<<<<
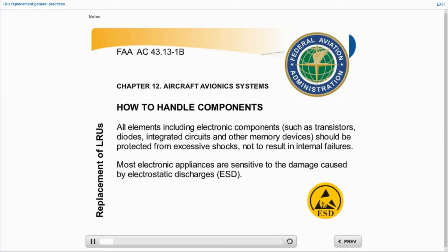Electronic devices are really sensitive to electrostatic discharges. Chapter A2 lists the measures to take so as to prevent any damage from occurring because of this phenomenon.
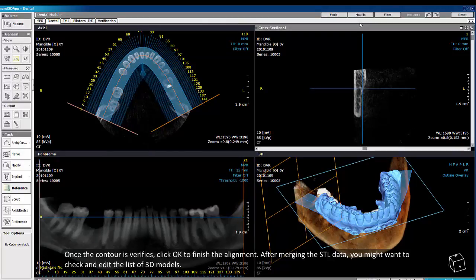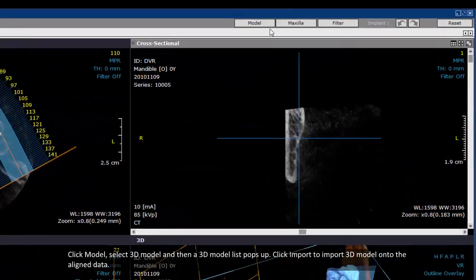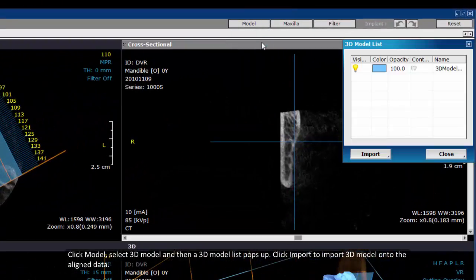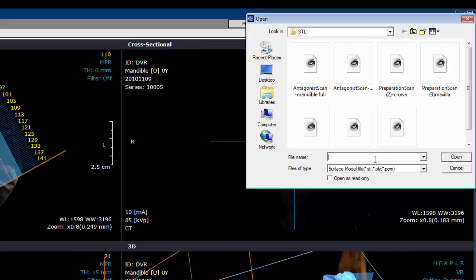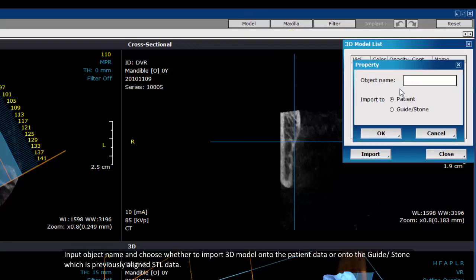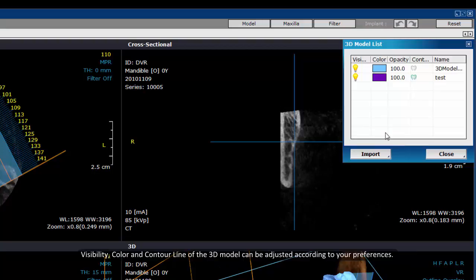After merging the STL data, you might want to check and edit the list of 3D models. Click Model and select 3D Model, and a 3D model list pops up. Click Import to import a 3D model onto the aligned data. Input the object name and choose whether to import the 3D model onto the patient data or onto the guide or stone, which is the previously aligned STL data. Visibility, color, and contour line of the 3D models can be adjusted according to your preference.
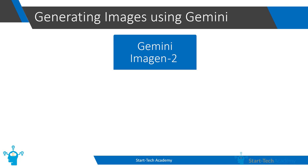In this video, we will see how we can generate images within Google Bard using Imagen-2.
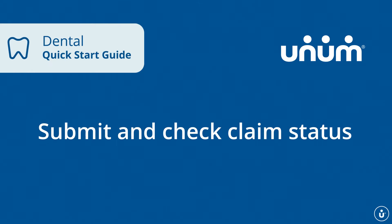The Unum Dental Provider Portal makes it faster, simpler, and more convenient to submit and check the status of your claims.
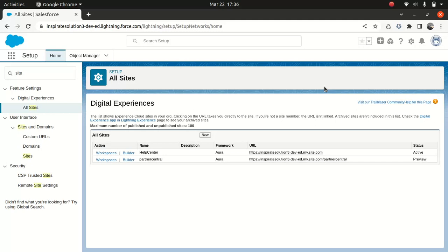So today what I'm going to do, I'm going to show you how you can use your LWC component on an Experience Cloud site. It's pretty simple to do.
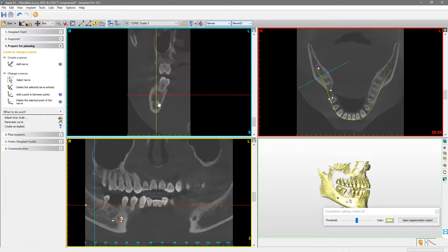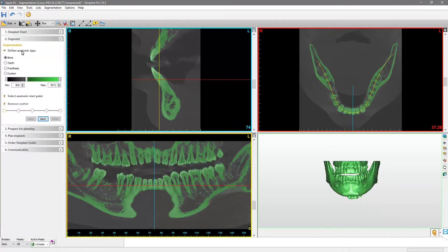Finally, we will create a rough 3D model of the patient's bone via the segmentation wizard. Start with the anatomic type, bone, and if needed, adjust the threshold by moving the slider from left to right.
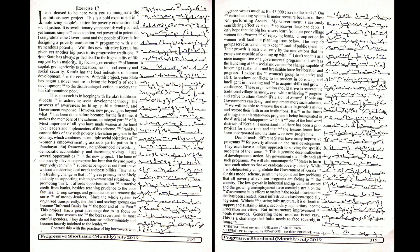Frankly, I cannot think of any such poverty alleviation program in the country which combines the multiple social objectives of women empowerment, grassroots participation in a Panchayati Raj framework, neighborhood networking, democratic accountability and increasing savings.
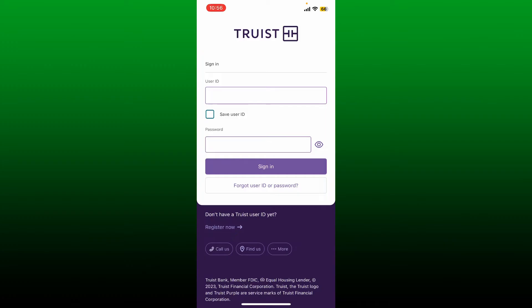Once open, you'll end up on the sign-in page. Here you can directly access your existing account or create a new one if you don't have one yet. If you are new to Truist, simply go ahead and tap on the 'Register Now' link at the bottom of the page and follow through the on-screen prompts to create a new account.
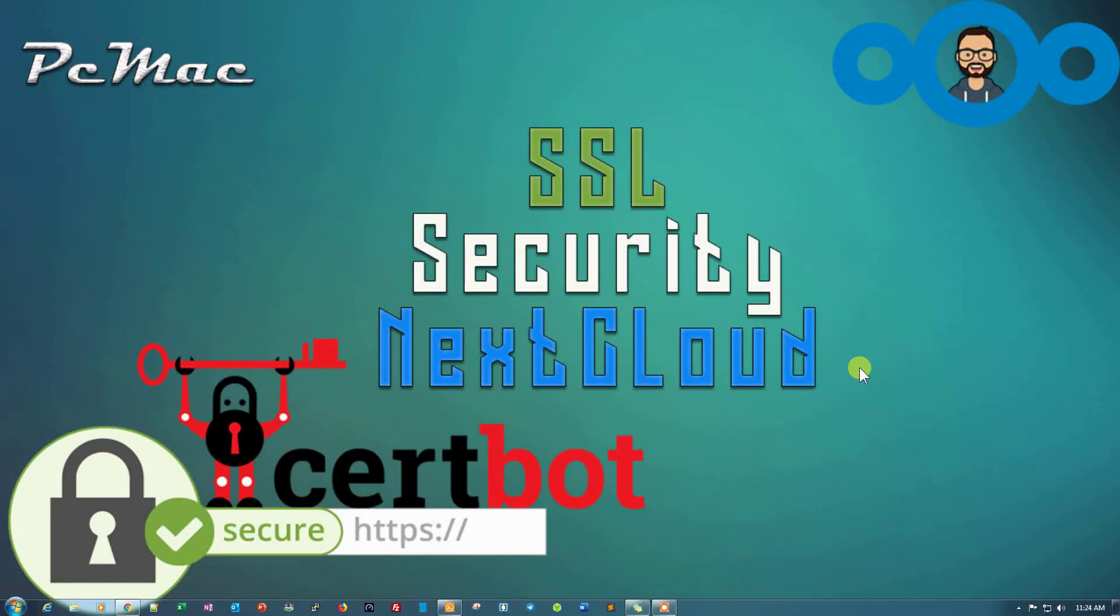Welcome to PCMag. Today I'm going to show you how you can install SSL certificates on Nextcloud and access your Nextcloud outside from the network with a secure connection.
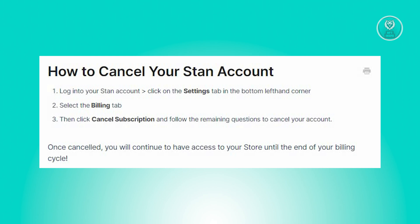After canceling, you'll retain access to your store until the end of your current billing cycle. This ensures you have ample time to wrap up any remaining activities or transactions within your account.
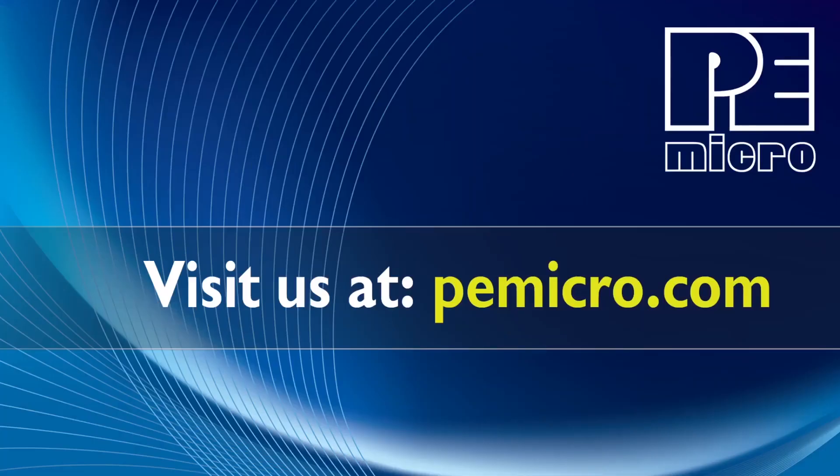Thank you so much for watching. For more information on secure boot and i.MX RT programming, please visit us at PEMicro.com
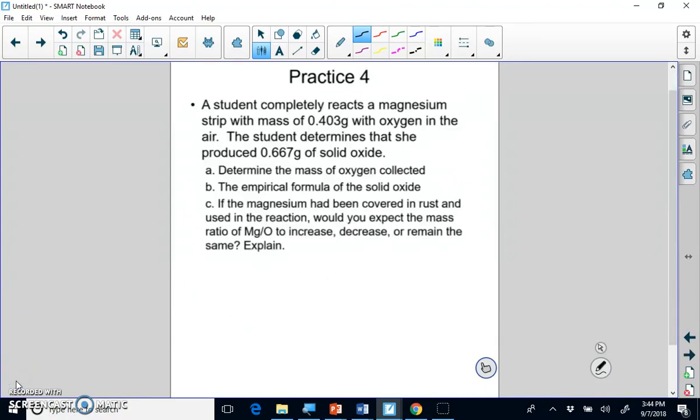That's the last problem we'll do in this video. There are two more problems we'll do in class on Monday because they can be a bit more confusing and are easier to work through together.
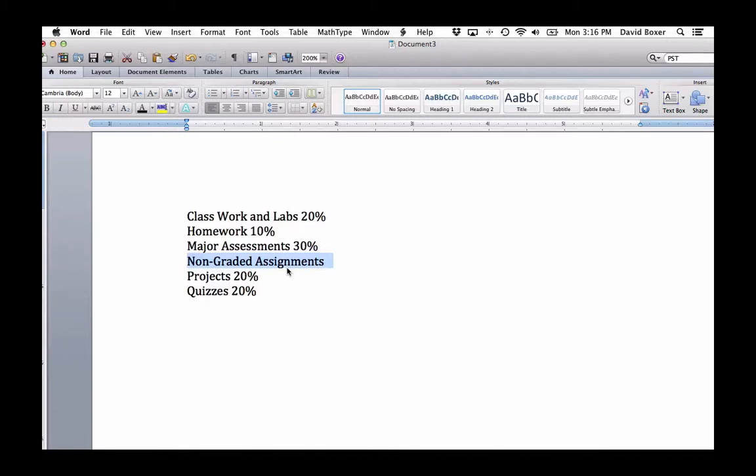In the following video, we're going to take a look at the overview of the gradebook assignments, assignment groups, and weights. And then in subsequent videos, we'll take a look at how to set this up accordingly.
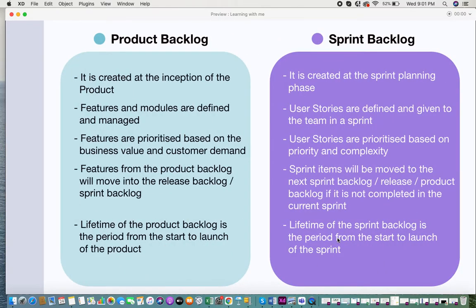The product backlog is created at the inception of product development. When you want to start developing a new product, you create a product backlog with all the features that need to be implemented. The sprint backlog is created at the sprint planning phase — only when you plan which items can be pushed to your sprint do you start adding items to the sprint backlog. This is the difference in creation time between the two backlogs.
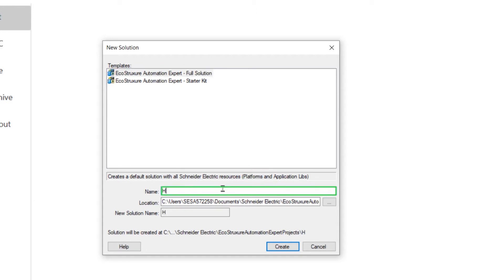Next, you can enter the name of your project, change the file location, and click on the Create button.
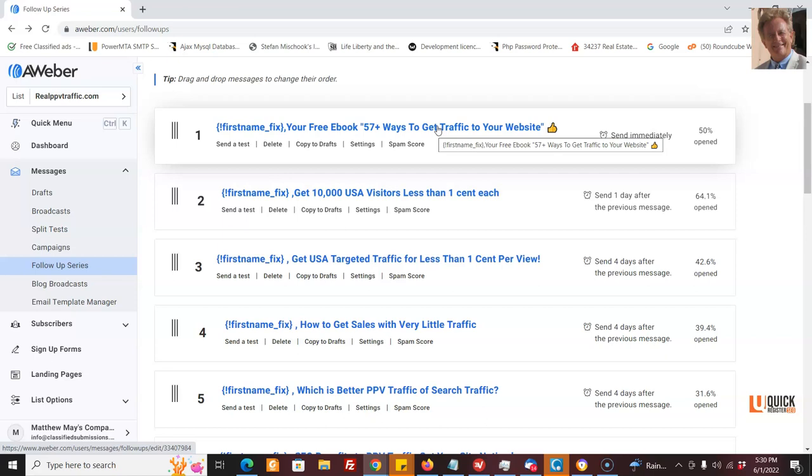So I hope this helps you. I'll put all the links and videos down below so you can set this up yourself. And you can start earning autopilot recurring commissions. And by the way, RealPPV Traffic pays recurring commissions. You get commissions for as long as the customer stays subscribed. All right. Then for the same thing for classifiedsubmissionals.com, and that's in the ebook too. That's the classified ad posting service. That pays 50% recurring commissions. That is very high. We sell that literally every day.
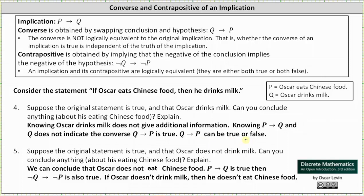For number five, suppose the original statement is true and that Oscar does not drink milk. Can you conclude anything? In this case, we can conclude that Oscar does not eat Chinese food. If P then Q is true, then the contrapositive if not Q then not P is also true. Since Oscar doesn't drink milk, we can conclude he doesn't eat Chinese food.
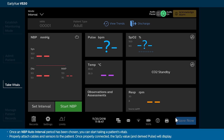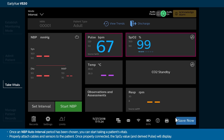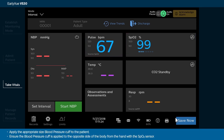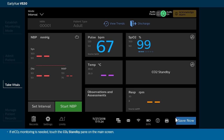Once an NBP auto interval period has been chosen, you can start taking a patient's vitals. Properly attach cables and sensors to the patient. Once properly connected, the SPO2 value and derived pulse will display. Apply the appropriate size blood pressure cuff to the patient. Ensure the blood pressure cuff is applied to the opposite side of the body from the hand with the SPO2 sensor.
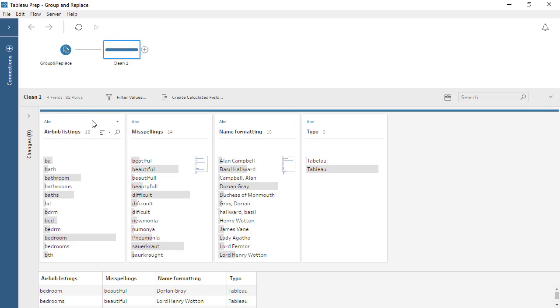The Airbnb listings field displays a common data cleanliness issue—inconsistencies of how a specific piece of information is captured. Here, the room information—bedroom or bathroom—was recorded multiple different ways. There's no easy way to programmatically remap these to be consistent, so we'll do a manual Group and Replace.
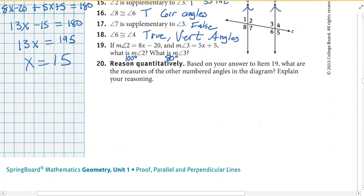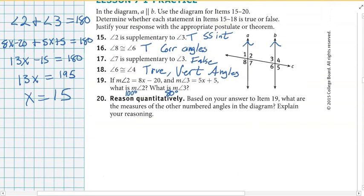Last one, number 20: based on your answer in item 19, what are the measures of the other numbered angles in the diagram? All angles are either going to be 100 or 80, because they are all either congruent or supplementary when you have parallel lines cut by a transversal. The obtuse angles have to be 100 and all the acute angles have to be 80. Good luck with the lesson practice — let's move on to 7-2.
>>>>
▶ [INSTRUCTIONS FOR THE TASK] The response must repeat exactly the lines above from the one with "Frankly, I cannot" through the one with "In the following", including both, and must contain no pictures and no other text.

▶ [ANSWER TO THIS TASK]
Frankly, I cannot think of any such poverty alleviation program in the country which combines the multiple social objectives of women empowerment, grassroots participation in a Panchayati Raj framework, neighborhood networking, democratic accountability and increasing savings.
Once open, you'll end up on the sign-in page. Here you can directly access your existing account or create a new one if you don't have one yet. If you are new to Truist, simply go ahead and tap on the 'Register Now' link at the bottom of the page and follow through the on-screen prompts to create a new account.
Welcome to PCMag. Today I'm going to show you how you can install SSL certificates on Nextcloud and access your Nextcloud outside from the network with a secure connection.
After canceling, you'll retain access to your store until the end of your current billing cycle. This ensures you have ample time to wrap up any remaining activities or transactions within your account.
Thank you so much for watching. For more information on secure boot and i.MX RT programming, please visit us at PEMicro.com
That's the last problem we'll do in this video. There are two more problems we'll do in class on Monday because they can be a bit more confusing and are easier to work through together.
In the following video, we're going to take a look at the overview of the gradebook assignments, assignment groups, and weights. And then in subsequent videos, we'll take a look at how to set this up accordingly.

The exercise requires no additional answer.